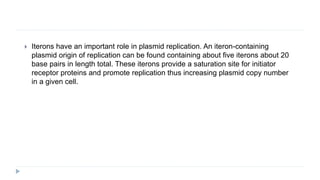  Iterons have an important role in plasmid replication. An iteron-containing
plasmid origin of replication can be found containing about five iterons about 20
base pairs in length total. These iterons provide a saturation site for initiator
receptor proteins and promote replication thus increasing plasmid copy number
in a given cell.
──────────
> **What you are asked to do**
A word-for-word retyping of every record is required, without the pictures.

> **Solution to the problem**
  Iterons have an important role in plasmid replication. An iteron-containing
plasmid origin of replication can be found containing about five iterons about 20
base pairs in length total. These iterons provide a saturation site for initiator
receptor proteins and promote replication thus increasing plasmid copy number
in a given cell.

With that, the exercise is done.